By Margaret Maccoll
Former Nationals leader and deputy prime minister and Wide Bay MP from 1990-2016 Warren Truss was one of 19 people to receive the highest Australia Day award, a Companion of the Order of Australia (AC).
Mr Truss, a third-generation farmer, built a 40-year political career with 14 years in local government and 26 in Federal Parliament.
He said his family had always been interested in the community and his earliest involvement began with the Rural Youth Club of which he was elected its youngest ever state president in 1969 before becoming president of the Australian Council of Rural Youth in 1973 then a year later appointed to the National Rural Advisory Council.
He gained attention for speaking up for country people, particularly young farmers. In 1976 he began his political career when elected to the Kingaroy Shire Council.Some of the greatest satisfaction in his work he gained from being able to obtain local infrastructure and help people in the community with problems such as pensions or immigration. “In many ways that kind of thing has been extra special,” he said.
In the federal arena as Transport Minister, seeing the widening of the Bruce Highway and the “four-laning” of the national highway between Melbourne and Sydney he counts among his successes.
A great disappointment to him was the failure despite a three year search to find Malaysian Airlines Flight MH370, which carried passengers with connections to two Wide Bay families. Despite obtaining satellite data from Rolls Royce, which monitor their airplane engines, that showed precisely where and when the engines stopped they didn’t know its trajectory, whether it broke up immediately or how far it may have glided, he said.

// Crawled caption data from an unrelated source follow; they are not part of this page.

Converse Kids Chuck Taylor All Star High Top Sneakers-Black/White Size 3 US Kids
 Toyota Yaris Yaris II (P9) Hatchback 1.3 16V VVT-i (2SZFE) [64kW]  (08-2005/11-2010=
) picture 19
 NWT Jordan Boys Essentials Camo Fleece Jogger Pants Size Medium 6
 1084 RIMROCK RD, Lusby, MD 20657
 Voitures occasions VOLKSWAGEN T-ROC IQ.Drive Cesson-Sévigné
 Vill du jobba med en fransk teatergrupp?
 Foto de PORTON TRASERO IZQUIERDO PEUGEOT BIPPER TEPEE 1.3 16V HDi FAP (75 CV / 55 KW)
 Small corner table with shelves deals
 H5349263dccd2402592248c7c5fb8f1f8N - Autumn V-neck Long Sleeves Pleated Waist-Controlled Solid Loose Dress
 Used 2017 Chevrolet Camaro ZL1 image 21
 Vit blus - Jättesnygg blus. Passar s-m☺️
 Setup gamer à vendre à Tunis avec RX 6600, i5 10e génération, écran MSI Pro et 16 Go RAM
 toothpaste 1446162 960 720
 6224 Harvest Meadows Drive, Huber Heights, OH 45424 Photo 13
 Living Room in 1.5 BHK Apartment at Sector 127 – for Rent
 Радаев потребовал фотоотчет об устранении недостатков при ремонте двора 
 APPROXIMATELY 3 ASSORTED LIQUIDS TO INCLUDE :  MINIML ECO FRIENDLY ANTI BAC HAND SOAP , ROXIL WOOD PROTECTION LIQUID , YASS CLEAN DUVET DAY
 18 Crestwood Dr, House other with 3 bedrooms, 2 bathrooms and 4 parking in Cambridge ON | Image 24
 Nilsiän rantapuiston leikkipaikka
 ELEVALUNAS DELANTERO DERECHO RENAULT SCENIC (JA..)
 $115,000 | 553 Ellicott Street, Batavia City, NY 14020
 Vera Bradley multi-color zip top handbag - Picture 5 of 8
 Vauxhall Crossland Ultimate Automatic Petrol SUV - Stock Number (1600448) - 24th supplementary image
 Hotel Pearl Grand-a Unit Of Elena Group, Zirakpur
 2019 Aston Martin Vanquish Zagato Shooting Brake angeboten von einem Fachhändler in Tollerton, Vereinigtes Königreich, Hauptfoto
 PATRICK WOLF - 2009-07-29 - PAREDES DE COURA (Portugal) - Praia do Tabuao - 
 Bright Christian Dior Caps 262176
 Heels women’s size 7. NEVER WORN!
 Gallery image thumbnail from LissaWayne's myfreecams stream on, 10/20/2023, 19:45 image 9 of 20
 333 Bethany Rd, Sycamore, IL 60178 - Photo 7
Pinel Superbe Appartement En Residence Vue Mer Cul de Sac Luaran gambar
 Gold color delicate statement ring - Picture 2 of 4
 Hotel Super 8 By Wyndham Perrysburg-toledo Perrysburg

In Noosa Shire he recounted the construction of The J which had much grander plans that didn’t eventuate and debates on roads around Cooroy which “in the end had to go somewhere”.
In his distinguished Parliamentary career he held numerous positions and was a Minister for more than 12 years with portfolios in Customs and Consumer Affairs, Community Services, Agriculture, Fisheries and Forestry, Transport and Regional Services and Trade.
He had a reputation for managing the tough issues and gained respect on both sides of Parliament, made evident when he was given a standing ovation on announcing his retirement.
Currently semi-retired and now chairman of the Australian Rail Track Corporation, Mr Truss received the award for “eminent service to the Parliament of Australia, particularly in the areas of trade, transport, agriculture and rural and regional development”.
He said it was “certainly a very great honour to have been recognised in such a generous way”.